**INSTRUCTIONS TO FOLLOW**
Retype exactly the span of lines below from the one with "Hervé Burnot Ekiden Bron 2026.jpg" through the one with "Phi Ca Truyện Chapter 5 - Trang 3". Do not include pictures.
EXCERPTED RECORDS START
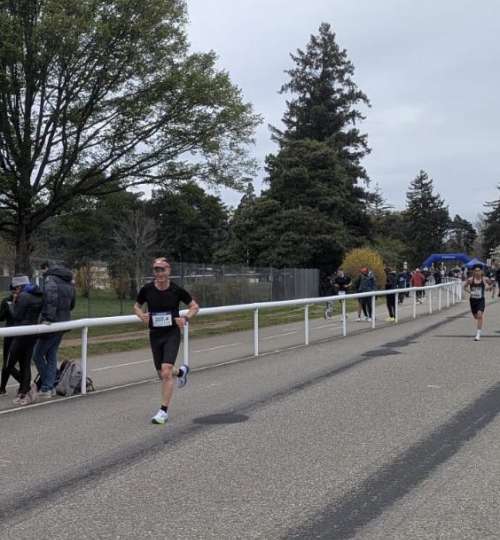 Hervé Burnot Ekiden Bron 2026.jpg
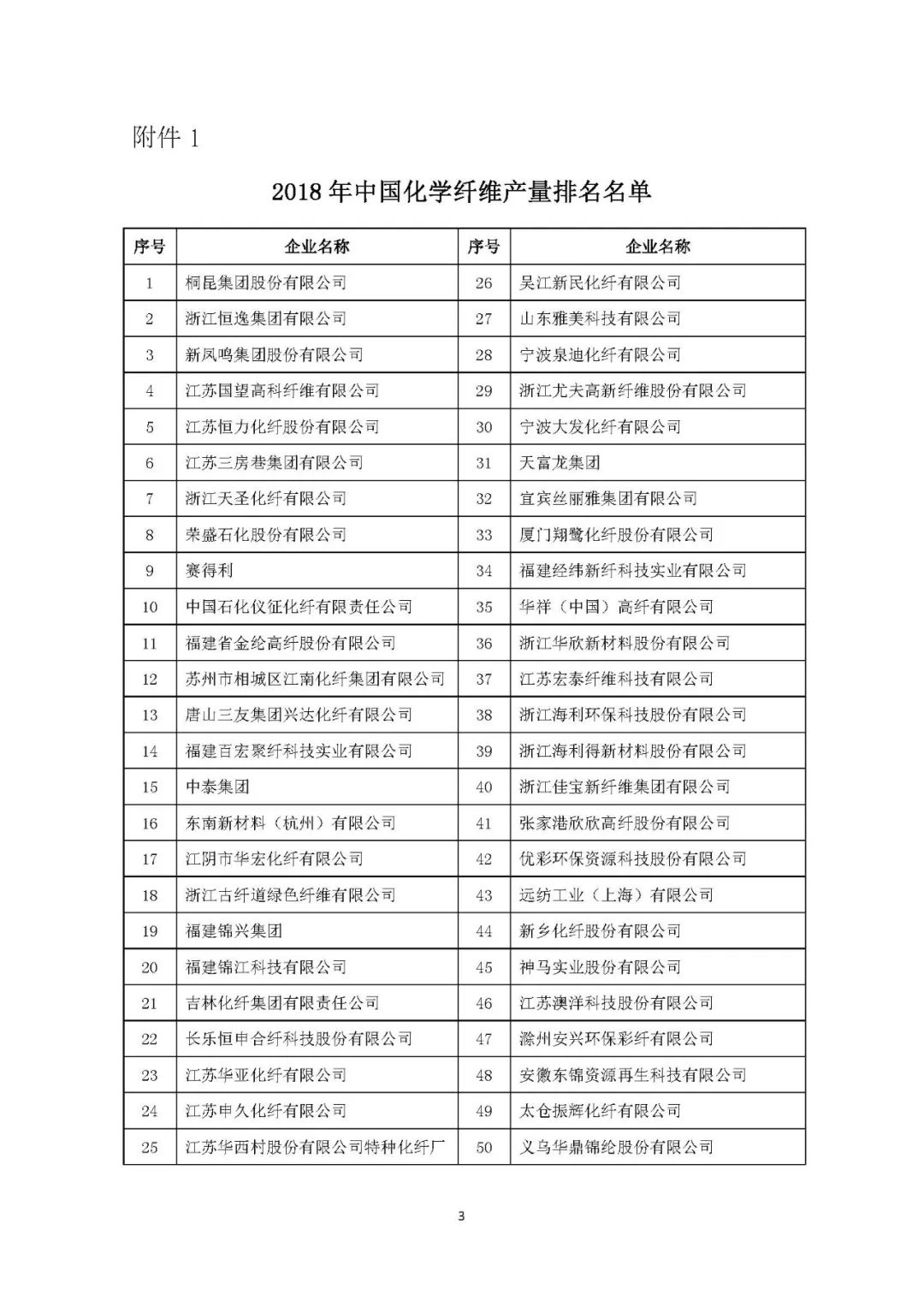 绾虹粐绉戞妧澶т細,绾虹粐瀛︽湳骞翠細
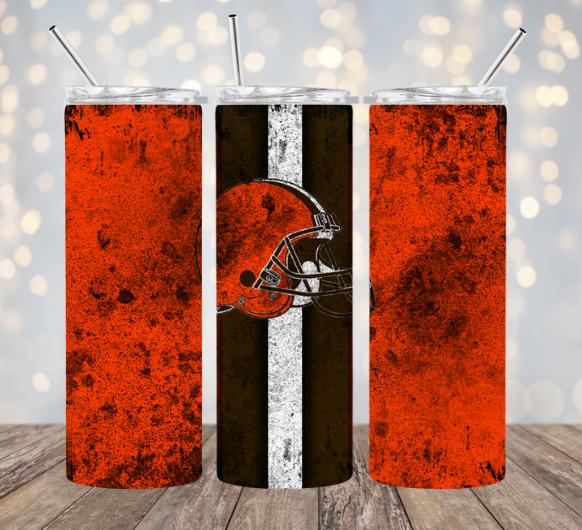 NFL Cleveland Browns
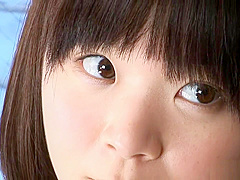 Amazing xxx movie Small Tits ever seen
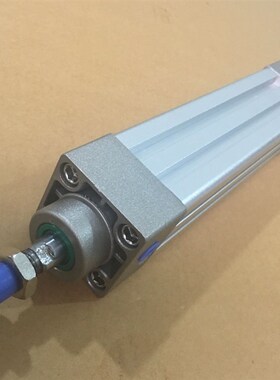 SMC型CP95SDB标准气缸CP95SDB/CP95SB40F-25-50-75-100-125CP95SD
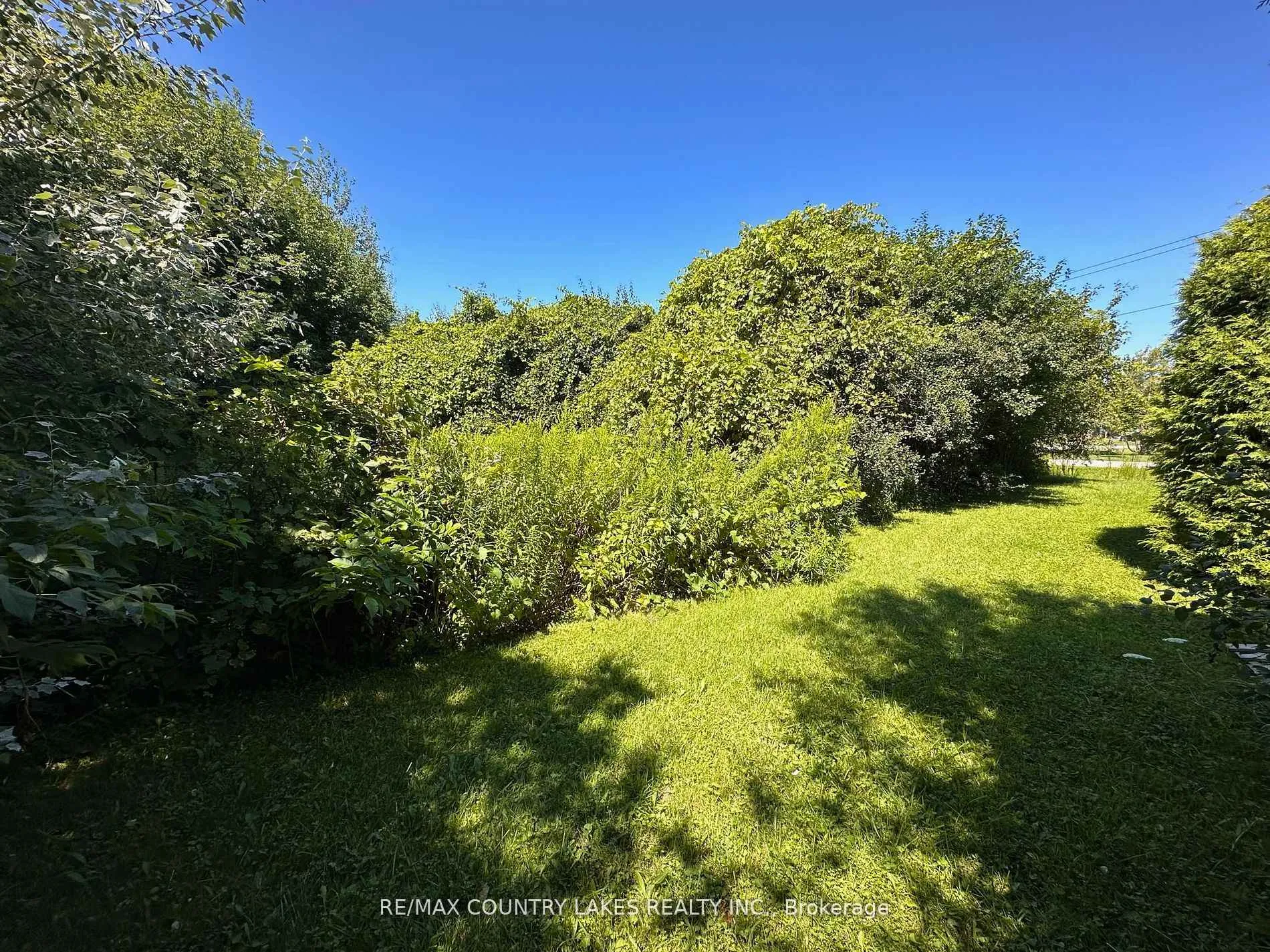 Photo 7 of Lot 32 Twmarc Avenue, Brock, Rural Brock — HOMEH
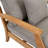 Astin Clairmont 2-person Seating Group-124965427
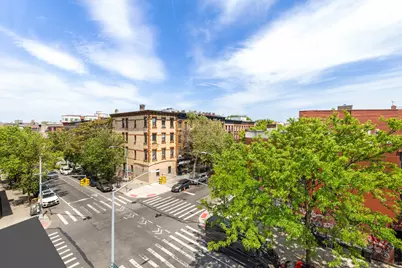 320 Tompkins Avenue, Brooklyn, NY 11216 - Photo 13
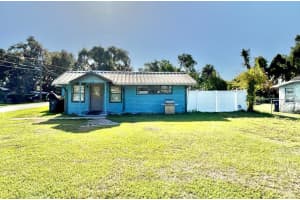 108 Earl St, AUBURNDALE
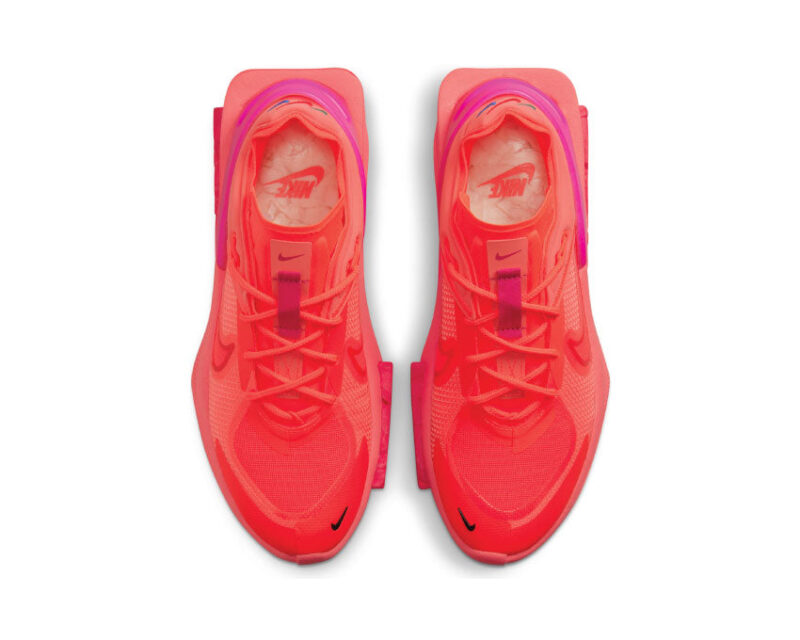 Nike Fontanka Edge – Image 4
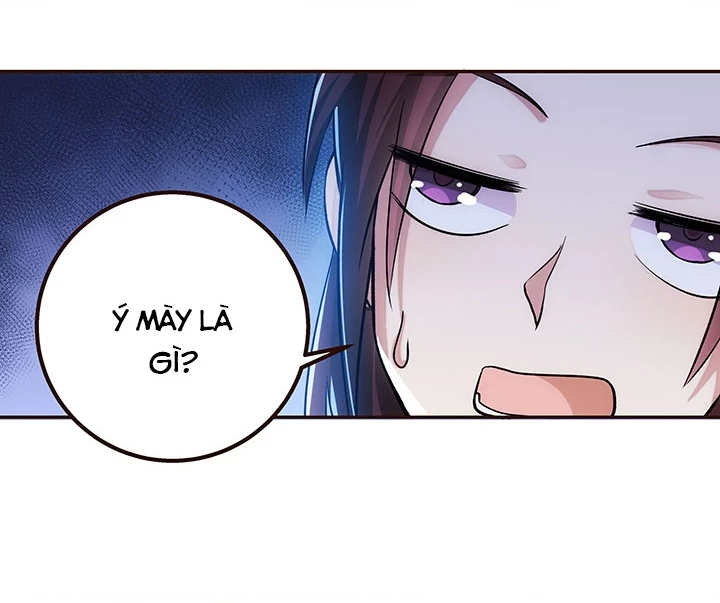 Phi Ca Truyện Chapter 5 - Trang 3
EXCERPTED RECORDS END
EXCERPTED RECORDS START
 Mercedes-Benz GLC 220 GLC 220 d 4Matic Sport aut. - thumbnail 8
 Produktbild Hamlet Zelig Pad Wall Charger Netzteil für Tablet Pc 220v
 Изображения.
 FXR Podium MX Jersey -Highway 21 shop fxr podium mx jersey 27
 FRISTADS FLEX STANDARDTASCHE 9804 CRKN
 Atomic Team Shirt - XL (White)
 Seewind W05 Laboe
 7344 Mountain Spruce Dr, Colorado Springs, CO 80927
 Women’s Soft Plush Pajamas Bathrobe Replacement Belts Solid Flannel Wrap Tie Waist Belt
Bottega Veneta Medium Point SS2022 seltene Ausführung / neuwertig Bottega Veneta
EXCERPTED RECORDS END
**WORKED SOLUTION**
 Hervé Burnot Ekiden Bron 2026.jpg
 绾虹粐绉戞妧澶т細,绾虹粐瀛︽湳骞翠細
 NFL Cleveland Browns
 Amazing xxx movie Small Tits ever seen
 SMC型CP95SDB标准气缸CP95SDB/CP95SB40F-25-50-75-100-125CP95SD
 Photo 7 of Lot 32 Twmarc Avenue, Brock, Rural Brock — HOMEH
 Astin Clairmont 2-person Seating Group-124965427
 320 Tompkins Avenue, Brooklyn, NY 11216 - Photo 13
 108 Earl St, AUBURNDALE
 Nike Fontanka Edge – Image 4
 Phi Ca Truyện Chapter 5 - Trang 3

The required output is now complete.